### What this task involves
Nothing but a number is needed: the count of lines below that include "with".

### Supplied data

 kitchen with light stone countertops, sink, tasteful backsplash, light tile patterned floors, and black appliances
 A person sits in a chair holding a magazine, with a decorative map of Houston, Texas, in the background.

--

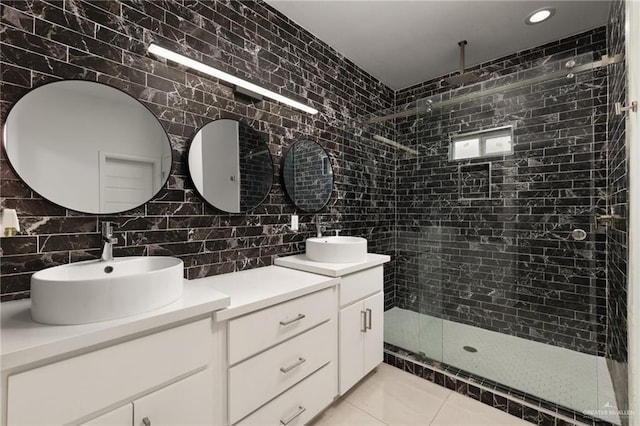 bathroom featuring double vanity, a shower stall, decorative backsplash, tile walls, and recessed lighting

### Answer below
2